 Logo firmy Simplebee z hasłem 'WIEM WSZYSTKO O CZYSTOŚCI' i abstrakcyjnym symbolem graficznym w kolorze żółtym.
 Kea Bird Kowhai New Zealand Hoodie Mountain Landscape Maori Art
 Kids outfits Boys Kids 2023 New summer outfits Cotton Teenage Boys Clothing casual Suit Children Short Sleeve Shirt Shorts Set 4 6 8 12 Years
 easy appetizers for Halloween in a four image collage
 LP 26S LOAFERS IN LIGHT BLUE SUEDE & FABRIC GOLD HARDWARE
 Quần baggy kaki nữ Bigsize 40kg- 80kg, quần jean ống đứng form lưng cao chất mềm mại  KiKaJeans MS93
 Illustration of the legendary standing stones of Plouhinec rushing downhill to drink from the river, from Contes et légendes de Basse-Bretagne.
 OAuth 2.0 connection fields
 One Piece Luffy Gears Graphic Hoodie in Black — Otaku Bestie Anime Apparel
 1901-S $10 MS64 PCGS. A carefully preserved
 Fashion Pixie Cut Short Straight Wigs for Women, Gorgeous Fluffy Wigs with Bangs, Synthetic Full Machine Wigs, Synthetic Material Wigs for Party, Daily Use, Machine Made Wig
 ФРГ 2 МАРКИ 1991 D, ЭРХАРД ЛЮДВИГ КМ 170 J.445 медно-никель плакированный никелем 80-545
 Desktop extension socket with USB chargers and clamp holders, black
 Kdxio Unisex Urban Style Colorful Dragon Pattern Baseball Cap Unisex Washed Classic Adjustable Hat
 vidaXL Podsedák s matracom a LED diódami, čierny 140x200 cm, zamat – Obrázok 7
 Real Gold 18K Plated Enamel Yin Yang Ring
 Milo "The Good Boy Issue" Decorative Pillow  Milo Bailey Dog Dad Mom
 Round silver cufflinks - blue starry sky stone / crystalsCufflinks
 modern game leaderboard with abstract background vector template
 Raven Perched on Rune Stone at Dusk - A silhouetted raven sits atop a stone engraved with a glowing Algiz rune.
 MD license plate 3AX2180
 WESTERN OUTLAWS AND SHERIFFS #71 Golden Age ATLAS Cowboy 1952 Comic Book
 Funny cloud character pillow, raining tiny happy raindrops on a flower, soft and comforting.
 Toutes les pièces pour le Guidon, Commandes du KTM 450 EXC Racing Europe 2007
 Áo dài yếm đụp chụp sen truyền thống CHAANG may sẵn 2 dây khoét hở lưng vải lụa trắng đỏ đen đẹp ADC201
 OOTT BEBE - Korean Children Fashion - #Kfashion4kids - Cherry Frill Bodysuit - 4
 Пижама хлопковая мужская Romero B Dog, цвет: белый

◆ ◆ ◆ ◆

**TASK DESCRIPTION**. Would you return all of the data exactly as it stands above?

**ANSWER**.
 Logo firmy Simplebee z hasłem 'WIEM WSZYSTKO O CZYSTOŚCI' i abstrakcyjnym symbolem graficznym w kolorze żółtym.
 Kea Bird Kowhai New Zealand Hoodie Mountain Landscape Maori Art
 Kids outfits Boys Kids 2023 New summer outfits Cotton Teenage Boys Clothing casual Suit Children Short Sleeve Shirt Shorts Set 4 6 8 12 Years
 easy appetizers for Halloween in a four image collage
 LP 26S LOAFERS IN LIGHT BLUE SUEDE & FABRIC GOLD HARDWARE
 Quần baggy kaki nữ Bigsize 40kg- 80kg, quần jean ống đứng form lưng cao chất mềm mại  KiKaJeans MS93
 Illustration of the legendary standing stones of Plouhinec rushing downhill to drink from the river, from Contes et légendes de Basse-Bretagne.
 OAuth 2.0 connection fields
 One Piece Luffy Gears Graphic Hoodie in Black — Otaku Bestie Anime Apparel
 1901-S $10 MS64 PCGS. A carefully preserved
 Fashion Pixie Cut Short Straight Wigs for Women, Gorgeous Fluffy Wigs with Bangs, Synthetic Full Machine Wigs, Synthetic Material Wigs for Party, Daily Use, Machine Made Wig
 ФРГ 2 МАРКИ 1991 D, ЭРХАРД ЛЮДВИГ КМ 170 J.445 медно-никель плакированный никелем 80-545
 Desktop extension socket with USB chargers and clamp holders, black
 Kdxio Unisex Urban Style Colorful Dragon Pattern Baseball Cap Unisex Washed Classic Adjustable Hat
 vidaXL Podsedák s matracom a LED diódami, čierny 140x200 cm, zamat – Obrázok 7
 Real Gold 18K Plated Enamel Yin Yang Ring
 Milo "The Good Boy Issue" Decorative Pillow  Milo Bailey Dog Dad Mom
 Round silver cufflinks - blue starry sky stone / crystalsCufflinks
 modern game leaderboard with abstract background vector template
 Raven Perched on Rune Stone at Dusk - A silhouetted raven sits atop a stone engraved with a glowing Algiz rune.
 MD license plate 3AX2180
 WESTERN OUTLAWS AND SHERIFFS #71 Golden Age ATLAS Cowboy 1952 Comic Book
 Funny cloud character pillow, raining tiny happy raindrops on a flower, soft and comforting.
 Toutes les pièces pour le Guidon, Commandes du KTM 450 EXC Racing Europe 2007
 Áo dài yếm đụp chụp sen truyền thống CHAANG may sẵn 2 dây khoét hở lưng vải lụa trắng đỏ đen đẹp ADC201
 OOTT BEBE - Korean Children Fashion - #Kfashion4kids - Cherry Frill Bodysuit - 4
 Пижама хлопковая мужская Romero B Dog, цвет: белый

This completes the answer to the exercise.